Ruth seemed troubled. “Gerd, Dr. Mallin has found absolutely nothing about them that indicates true sapience.”

“Oh, Mallin be bloodied; he doesn’t know what sapience is any more than I do. And a good deal less than you do, I’d say. I think he’s trying to prove that the Fuzzies aren’t sapient.”

Ruth looked startled. “What makes you say that?”

“It’s been sticking out all over him ever since he came here. You’re a psychologist; don’t tell me you haven’t seen it. Maybe if the Fuzzies were proven sapient it would invalidate some theory he’s gotten out of a book, and he’d have to do some thinking for himself. He wouldn’t like that. But you have to admit he’s been fighting the idea, intellectually and emotionally, right from the start. Why, they could sit down with pencils and slide rules and start working differential calculus and it wouldn’t convince him.”

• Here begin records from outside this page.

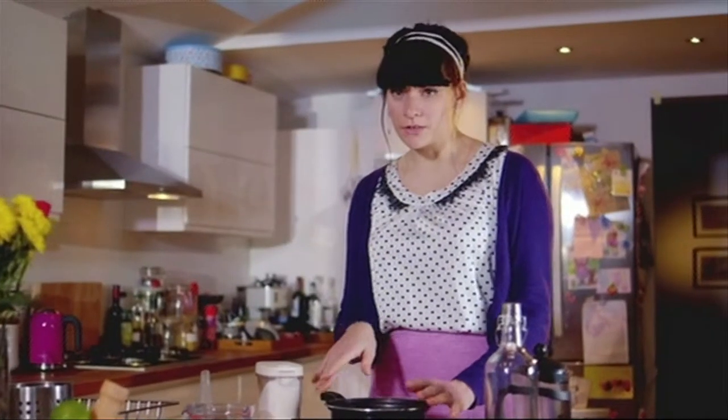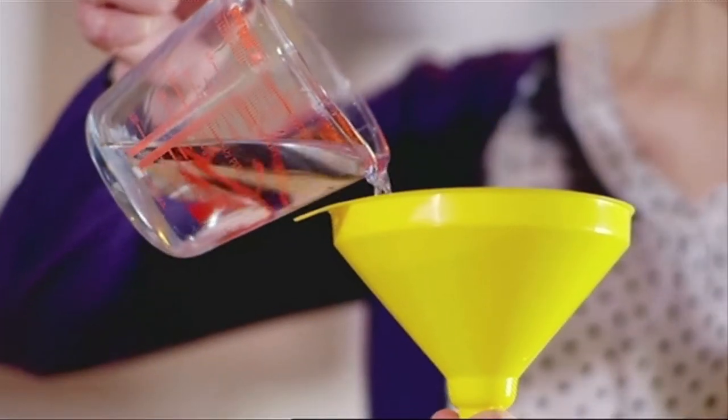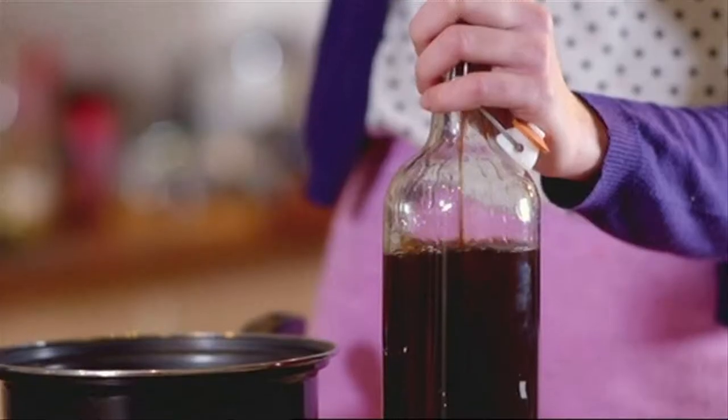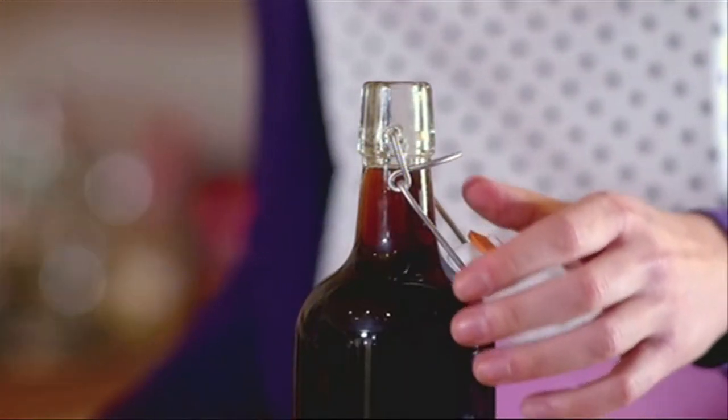Now I'm just going to heat this through until all the sugar melts. All we need to do is mix the vodka and the syrup together in the bottle. I'm going to decant the hot coffee syrup into a jug so that when we're pouring it into the bottle it's a little bit safer.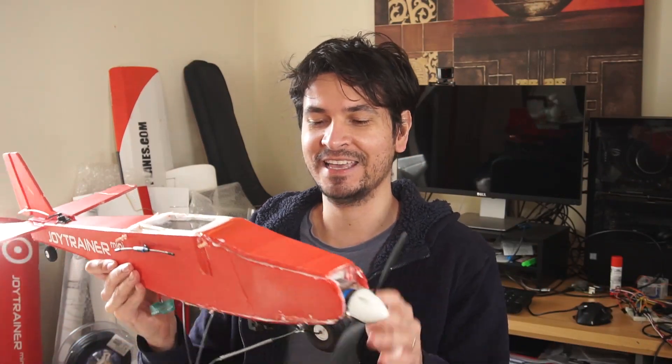Good day everyone! Yesterday I was flying my Joy Trainer Mini, but I updated it with an FPV camera and also a long-range receiver from FrSky.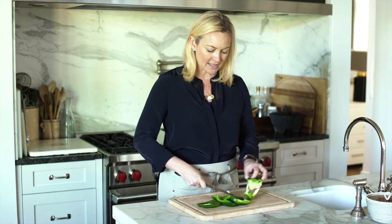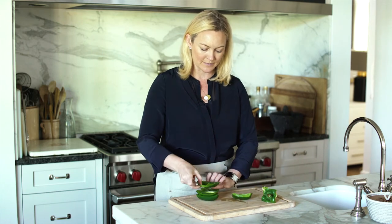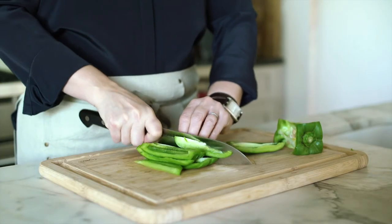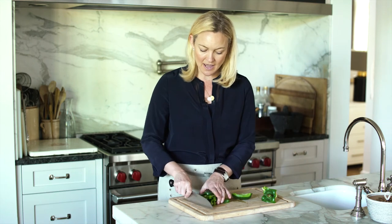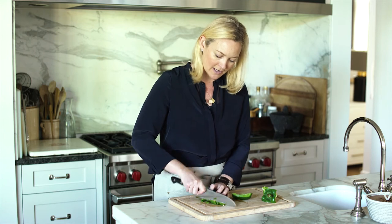If you want to cut this into slices for a crudité board, you can just pile them up and cut them in slices. If you need them diced for a recipe, just gather them up again, hold them, tuck your fingers under, and cut them into a dice.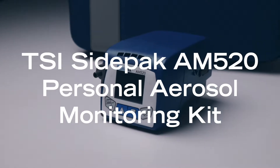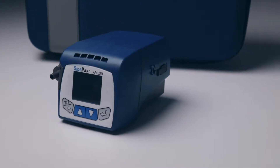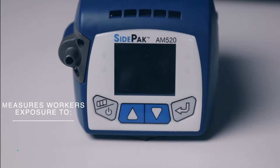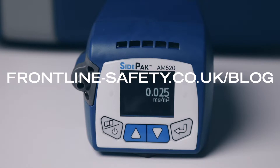The SidePak AM520 is a personal aerosol monitor from TSI, designed to measure workers' exposure to respirable dust, silica and diesel particulate matter. We're going to cover some of the features and benefits of the SidePak in this video, and more information can be found on our blog.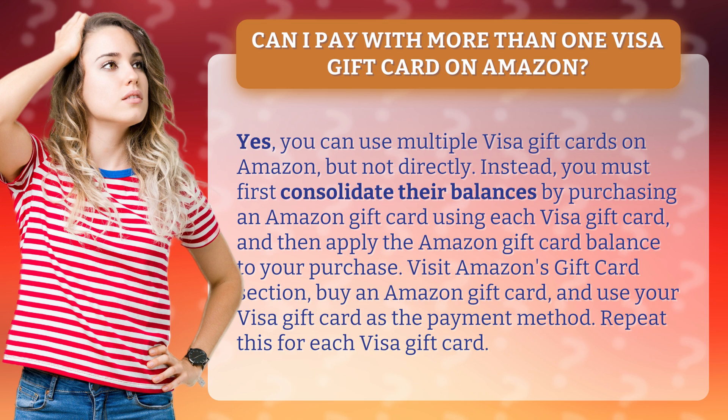Consolidate by purchasing an Amazon gift card using each Visa gift card, then apply the Amazon gift card balance to your purchase. Visit Amazon's gift card section, buy an Amazon gift card, and use your Visa gift card as the payment method. Repeat this for each Visa gift card.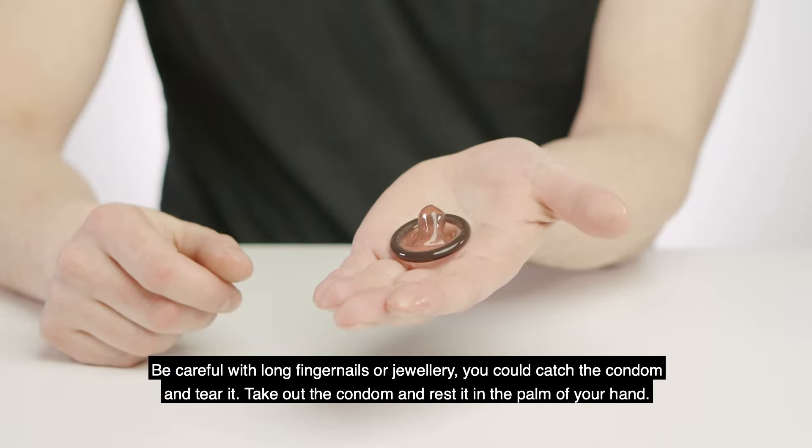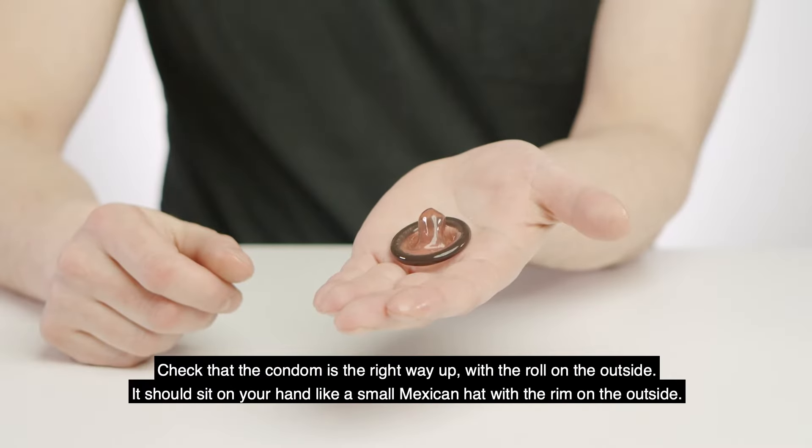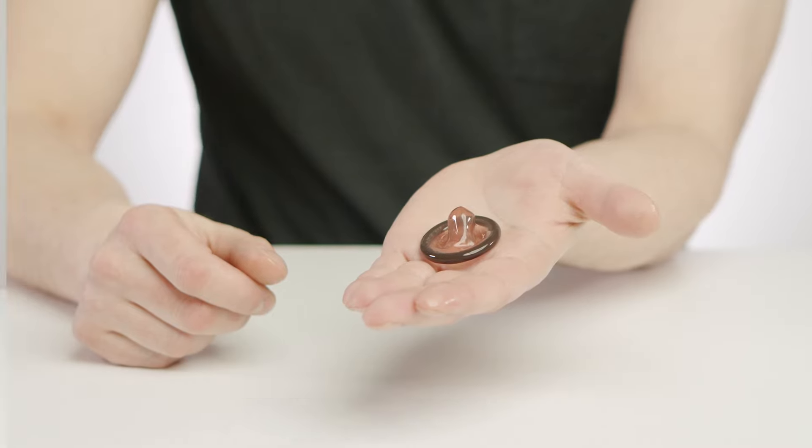Take out the condom and rest it in the palm of your hand. Check that the condom is the right way up with the roll on the outside. It should sit on your hand like a small Mexican hat with the rim on the outside. If you put the condom on the wrong way it will be difficult to unravel.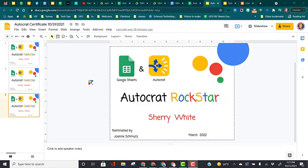It's pretty easy to rerun an autocrat job if you made a mistake. For example, looking at these certificates, I don't like how small the person's name turned out. I want it to be bigger.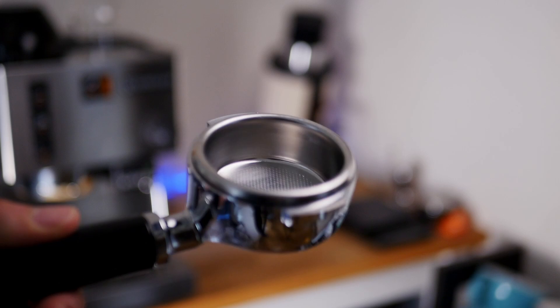So first, and this is optional, is to get a bottomless portafilter if you can. This makes it much easier to see what's going on with your espresso puck than if you're using a spouted portafilter. There are manufacturer-specific options and also third-party ones, but make sure you buy one that fits your machine specifically — you don't want to damage the inside of your group head. I almost always use mine to see much more of what's going on during extraction.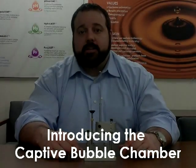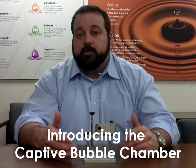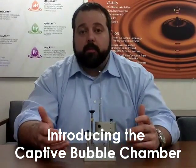Hi, this is Matt, and today I wanted to introduce our latest equipment accessory. This is the captive bubble chamber used to measure captive bubble with the VCA Optima. And now I'm going to demonstrate how to use it.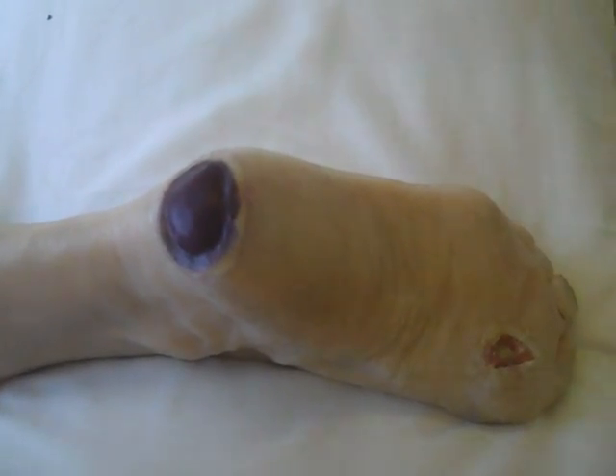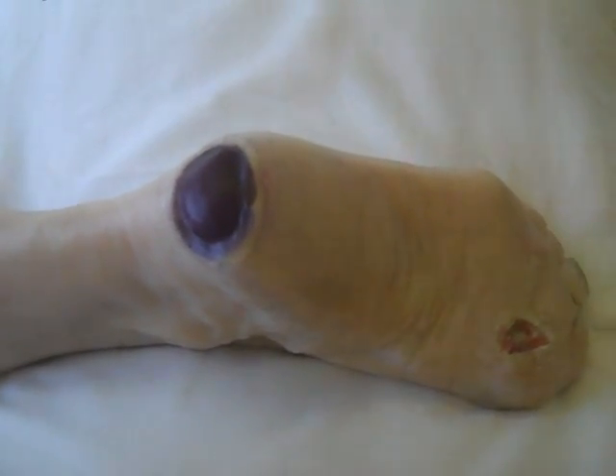In this video, using Betty, our diabetic foot wound education model, we can see — looking at the plantar aspect — the ulcer that's shown in one of the other videos. But back here on the heel, another very typical problem is pressure damage.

“Dr. Mallin’s trying to—” she began angrily. Then she broke it off. “Jack, excuse us. We didn’t really come over here to have a fight. We came to meet some Fuzzies. Didn’t we, Goldilocks?”

Goldilocks was playing with the silver charm on the chain around her neck, holding it to her ear and shaking it to make it tinkle, making small delighted sounds. Finally she held it up and said, “Yeek?”

“Yes, sweetie-pie, you can have it.” Ruth took the chain from around her neck and put it over Goldilocks’ head; she had to loop it three times before it would fit. “There now; that’s your very own.”

“Oh, you mustn’t give her things like that.”

“Why not. It’s just cheap trade-junk. You’ve been on Loki, Jack, you know what it is.” He did; he’d traded stuff like that to the natives himself. “Some of the girls at the hospital there gave it to me for a joke. I only wear it because I have it. Goldilocks likes it a lot better than I do.”